▶ PROBLEM TO WORK ON: Repeat exactly the lines of the material below that run from the "A view of mountain peaks" line to the "Толстовка оверсайз женская" line, including both, and do not carry over any pictures.
━━ DATASET EXCERPTS ━━
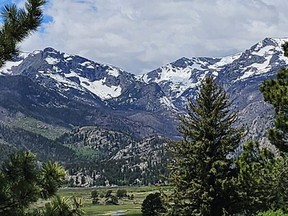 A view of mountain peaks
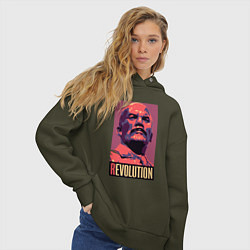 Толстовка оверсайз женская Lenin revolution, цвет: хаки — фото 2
━━━
━━ DATASET EXCERPTS ━━
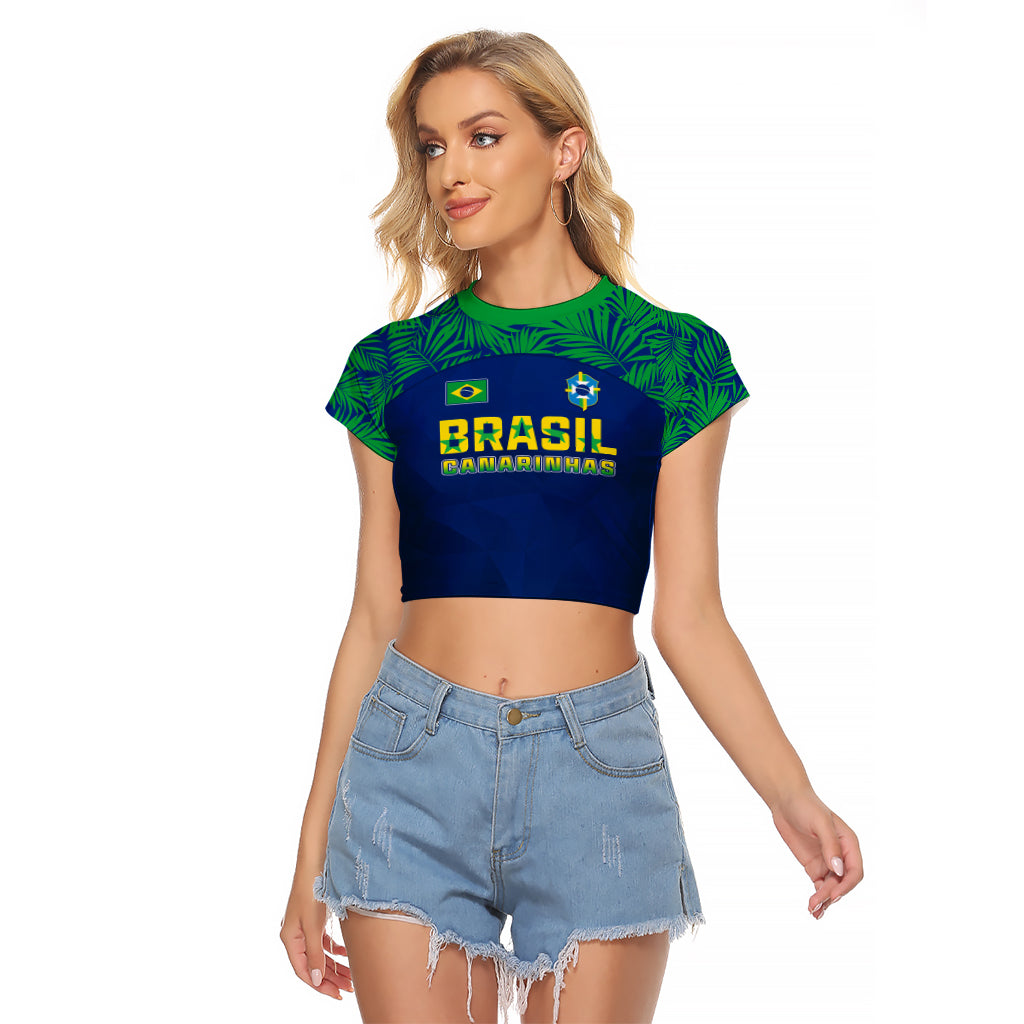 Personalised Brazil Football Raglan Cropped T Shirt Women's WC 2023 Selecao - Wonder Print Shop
━━━
▶ COMPLETED EXERCISE:
 A view of mountain peaks
 Толстовка оверсайз женская Lenin revolution, цвет: хаки — фото 2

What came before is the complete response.